(Records provided Opens)

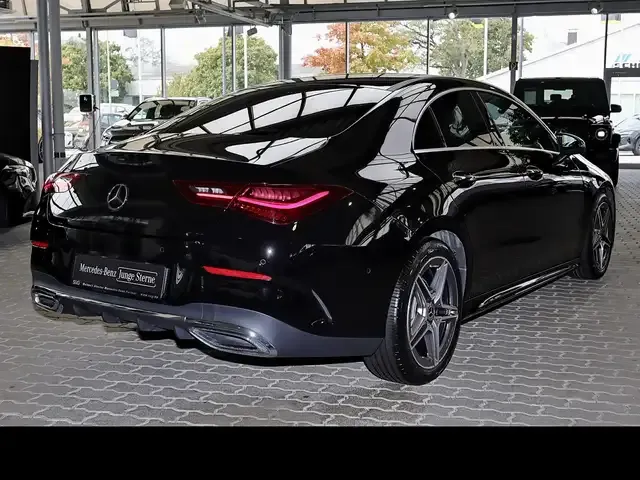 Mercedes-Benz CLA 200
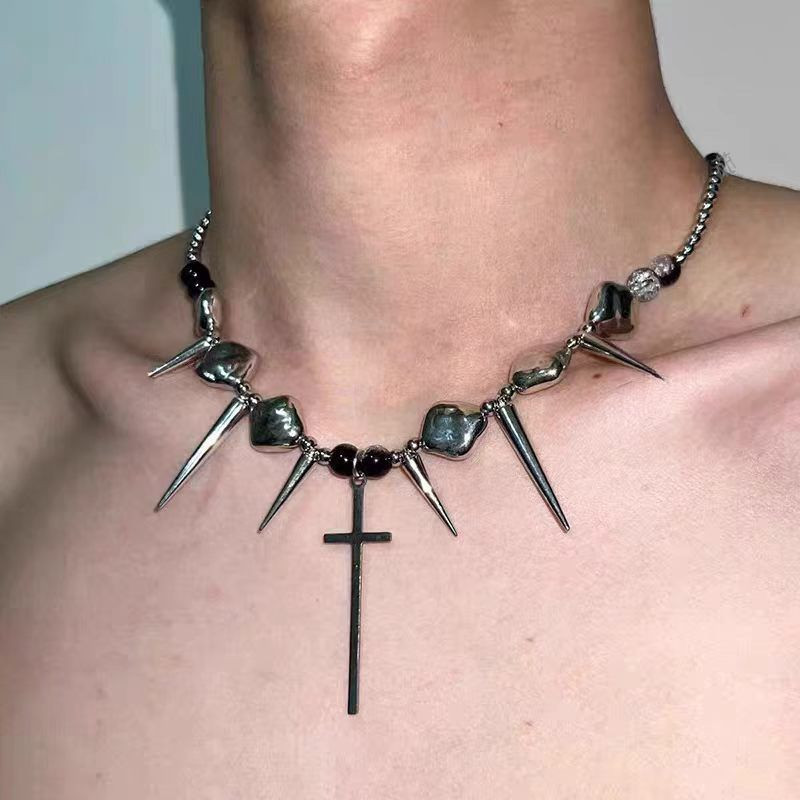 Колье с шипами и крестом CJZ43474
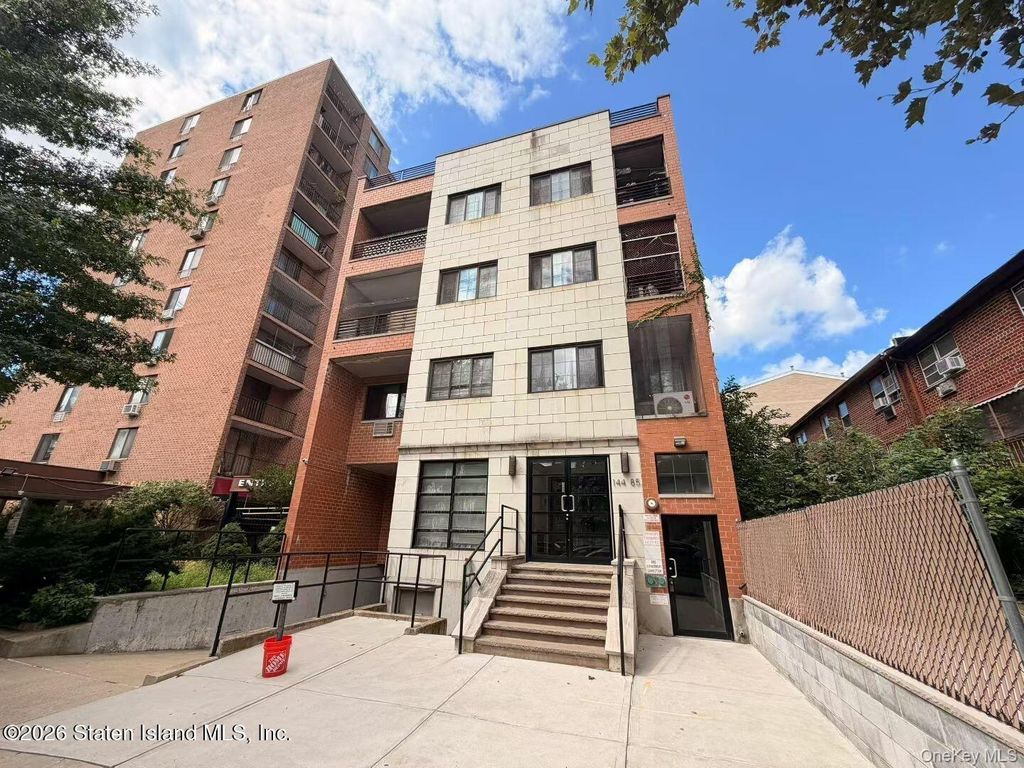 144-85 Roosevelt Avenue 3e, Flushing, NY 11354 — exterior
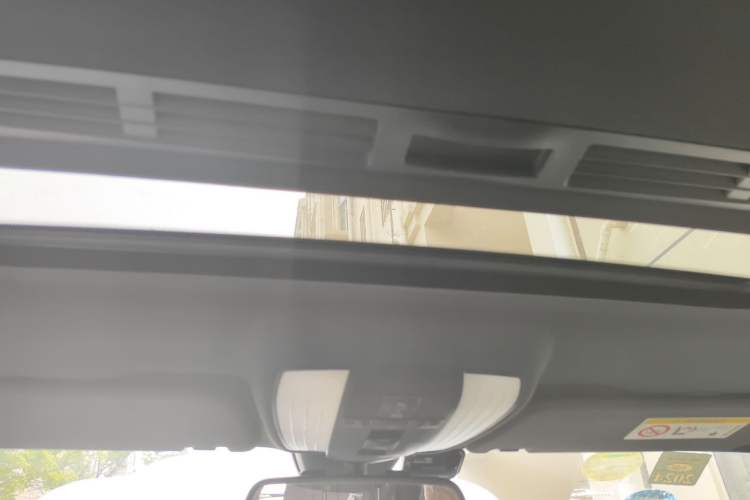 Used Mercedes-Benz E-Class 2015 E 200 L Sport Edition Headliner
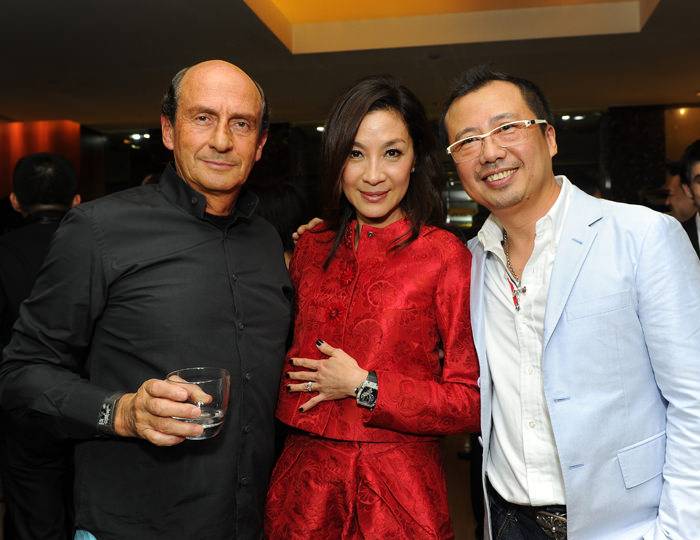 Richard Mille, a la izquierda, con Michelle Yeoh y Dave Tan, CEO de Richard Mille Asia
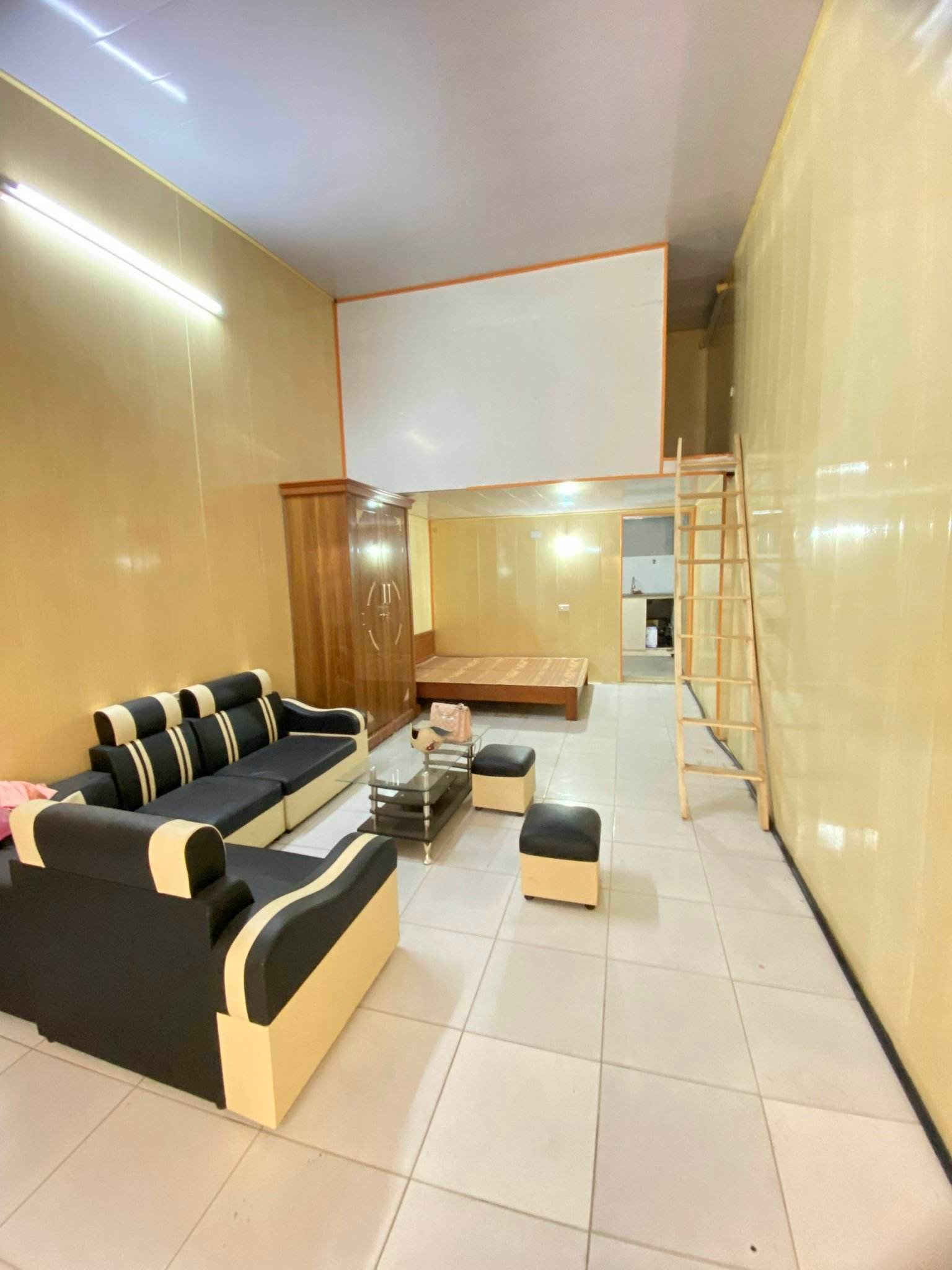 Bán nhà ngõ 332 Lĩnh Nam, Hoàng Mai. Sổ đỏ, 33m 2 tầng mặt tiền 3.3m giá 1.15 tỉ.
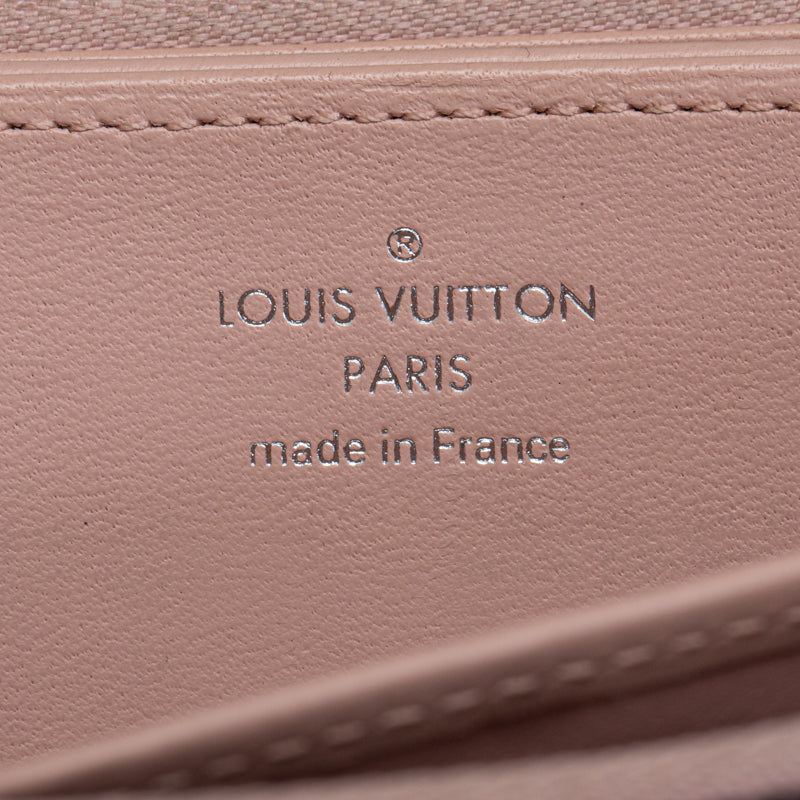 Louis Vuitton Monogram Mahina Zippy Wallet Pink Leather in Good Condition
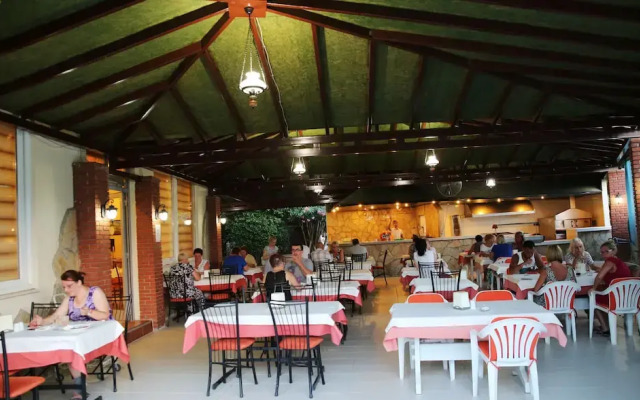 Side Kervan Hotel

(Records provided Closes)

The material is to be reproduced verbatim, and no picture may appear in the copy.

 Mercedes-Benz CLA 200
 Колье с шипами и крестом CJZ43474
 144-85 Roosevelt Avenue 3e, Flushing, NY 11354 — exterior
 Used Mercedes-Benz E-Class 2015 E 200 L Sport Edition Headliner
 Richard Mille, a la izquierda, con Michelle Yeoh y Dave Tan, CEO de Richard Mille Asia
 Bán nhà ngõ 332 Lĩnh Nam, Hoàng Mai. Sổ đỏ, 33m 2 tầng mặt tiền 3.3m giá 1.15 tỉ.
 Louis Vuitton Monogram Mahina Zippy Wallet Pink Leather in Good Condition
 Side Kervan Hotel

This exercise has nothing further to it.